After attending Mass at St. Peter’s with Cardinal Tarcisio Bertone on Thursday morning and taking their solemn oath to serve God and protect the Pope that evening, the 30 new Swiss Guards and their parents met with Pope Benedict XVI on Friday. The audience was held within the frescoed walls and ceiling of the Clementine Hall, and the Pope spoke to the group in each of their three representative languages: German, French and Italian.

Starting in his own native language, the Holy Father recalled the history of the corps and the significance of the newly sworn-in guards as its “visible guardians.” He asked them to carry on the tradition of service to the Pontiff with “generous commitment” and hoped that in their work they “may mature as individuals and as Christians.”

Continuing in French, the Pope recalled the indirect, “but real,” association of the Pontifical Swiss Guard to St. Peter’s service to the Church. He asked them to meditate on the passage in the Acts of the Apostles when Peter manifests his “solicitude,” or concern, for the faithful in visiting them after the Resurrection.

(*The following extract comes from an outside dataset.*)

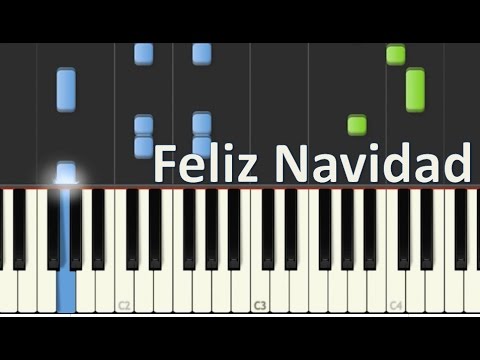 Como Tocar " Feliz Navidad" en Piano / Jose Feliciano / Tutorial - MoroMusicPiano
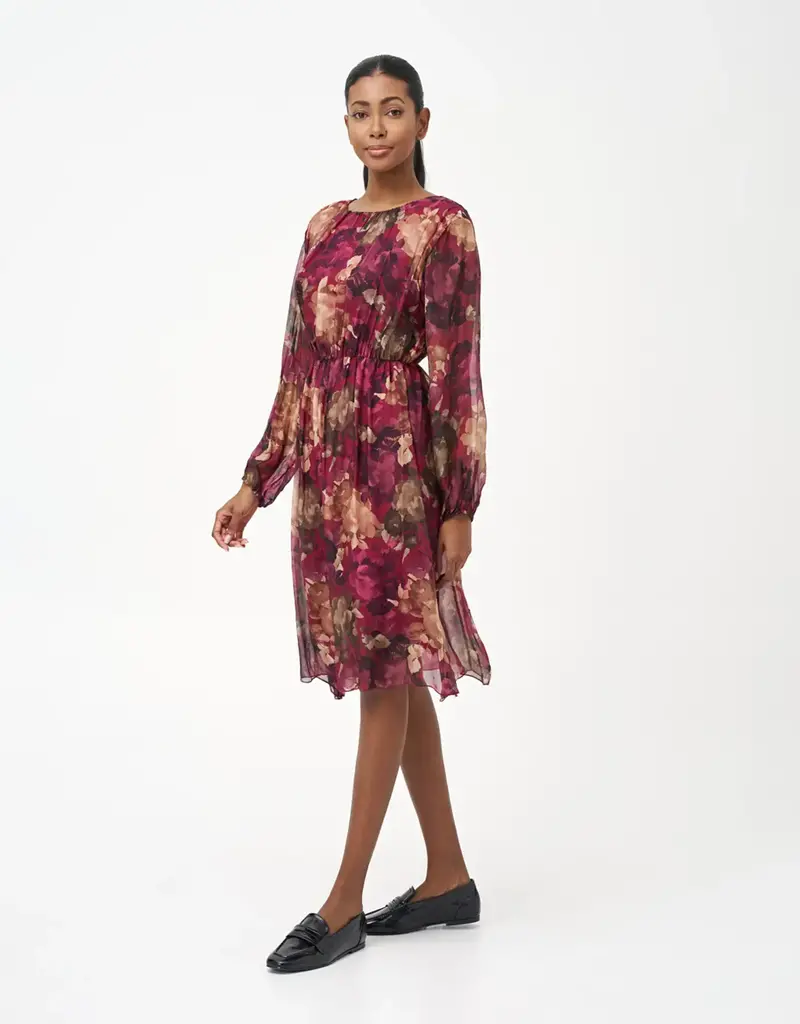 M Made In Italy Cinch Waist Dress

In these verses, said the Pope, the guards will find the meaning of their noble undertaking.

He added that he himself "wishes to show that solicitude to all Churches and to each of the faithful, and to everyone who expects something from the Church."

“Your service will bring you to discover, in the face of each man and woman, a pilgrim seeking another face through which to receive a living sign of the Lord,” he observed.

"We know,” he said in closing in Italian, "that everything we do in Jesus' name, however humble it may be, transforms us and makes us a little more like the new man regenerated in Christ. Thus your service to the Petrine ministry will give you a livelier sense of Catholicism, together with a more profound perception of the dignity of all mankind."

Taking part in two days of ceremony and celebration for the 30 recruits and the corps’ new commanding officer, the Pope entrusted the Guards, their families and friends to the intercession of the Virgin Mary and the corps’ three patron saints, Sts. Sebastian, Martin and Nicholas of Flue.